This book outlines Cesar's core phlosiphy. He explains that of the over 65 million dogs in the USA, many people consider dogs as one of thier children. He thinks that in most cases this is not good for the dog. His recommendation is to give your dog exercise, discipline, (and then affection) everyday.
Cesar attempts to teach readers that All Dogs need rules, boundaries, and limitations just like people. Those who treat their dogs like humans, often "spoil" them which is the cause of imbalance.
Cesar is not a certified dog trainer and is a self proclaimed animal behaviorist. With no formal training but many years of practical real life experance, he believes that most dogs need to have a strong leader who must always be an "alpha" presence in the dog's eye. If an owner is not a "pack leader" he says that the dog will become the leader and will become unbalanced because it is not capable of doing the job.
When this happens, Cesar says not to worry, because any dog can be rehabilitated. The hardest part is to retrain the owners.
Cesar says he does "heavy-duty rehab". He deals in dog psychology. He connects with the dog's mind and natural instincts to help correct unwanted behavior. He doesnt use words or commands. He uses his "calm and assurtive" energy and "touch" to redirect the dogs he works with.
The first chapters deal with his childhood. He talks about how he grew up on a farm in Mexico with dogs that ran loose in natural "packs". They usually got along together and rarely fought. The dogs worked on the farms as herders, guardians and protectors. They scavenged for live food, ate a few human scraps, and formed their own society. They would interact with humans, but weren't considered "pets."
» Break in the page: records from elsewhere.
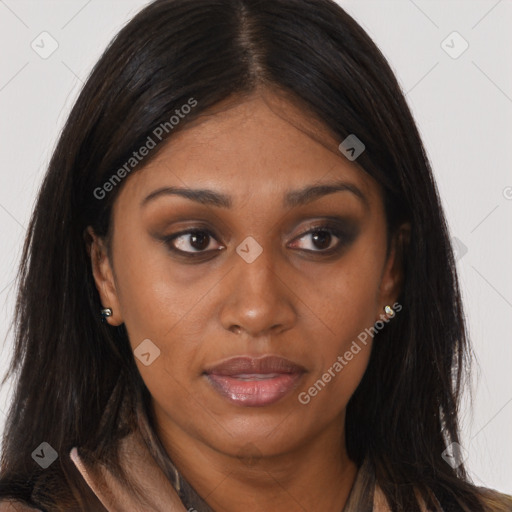 Joyful asian young-adult female with long  brown hair and brown eyes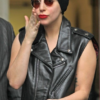 American Singer & Song Writer Lady Gaga Black Leather Vest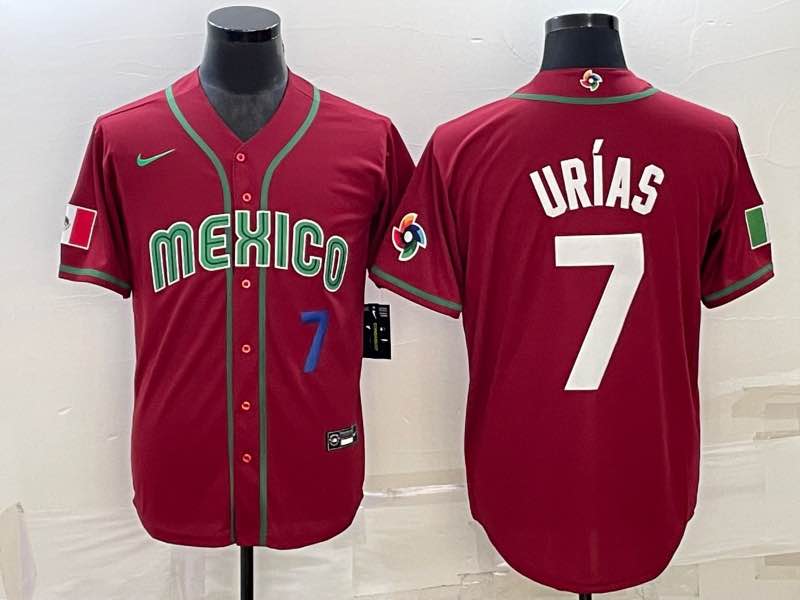 MLB Mexico #7 Urias Blue Number World Cup Red Jersey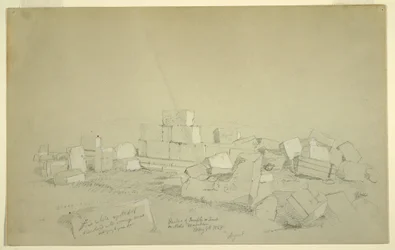 Dibujo, Tumba de Abels en la montaña sobre Suk Wadi, 4 de mayo de 1868.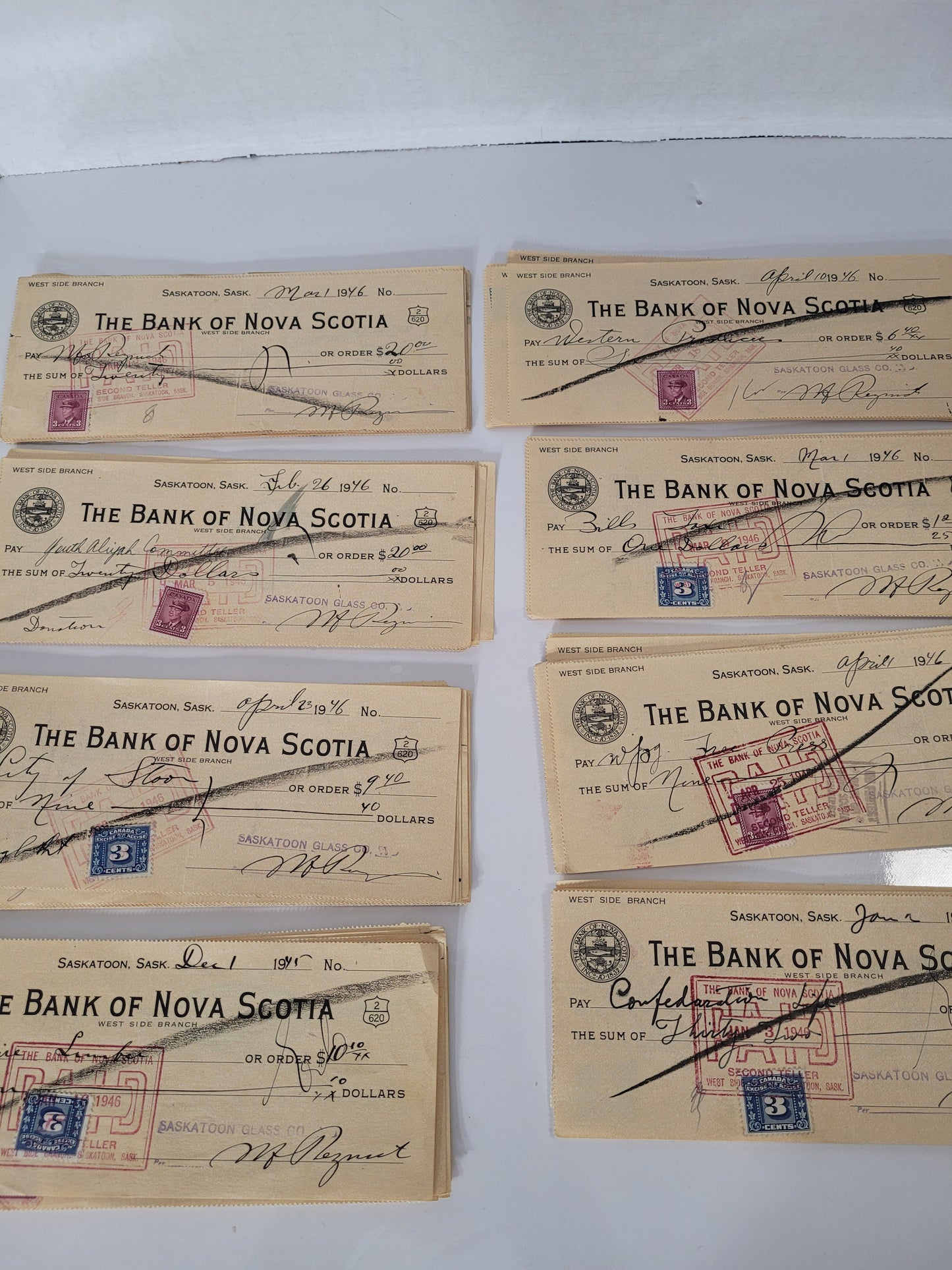 Large Archive of 80+ Vintage Saskatoon Bank Cheques – Bank of Nova Scotia, 1945–1946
At 21, Cesar decided to come to the U.S., (illegally at the time) with no money or contacts. He crossed the border and got a job as a dog groomer in California. [He makes it clear that he paid back all he owed to the government and is now an American citizen.]
Once in the states, he saw that dogs were treated much differently. He saw the good (ppl treated dogs with love) and also saw that they were out of control because they had no proper training.
He got several jobs in the dog industry and got the reputation as "being good with" tough cases. This launched his career.
The later chapters deal with his experences and the deployment of his tecniques.
Cesar's positive energy, enthusiasm and love for dogs come thru very clearly in this book as he shares his knowledge about dogs and teaching techniques to other human "pack leaders."
The last chapter sums up his purpose: "Fulfilling our dogs first, then fulfilling ourselves." You will discover something important about yourself and life in general from dogs: Dogs teach us to live every moment to the fullest.
My summary of this book:
While some of his methods are antiquated "at best", I agree with his basic phylosiphy. Dogs need our leadership. Were we differ is on the "pack leader" thing. To me, leadership should be on a "best friend" basis. Bonding with your dog is a much more effective way of connecting to your dog's mind. Unfortunately this is not an instant thing, so it doesn't make good TV. IMO, Trust and respect are given much easier and completely with friendship than it is with a firm hand.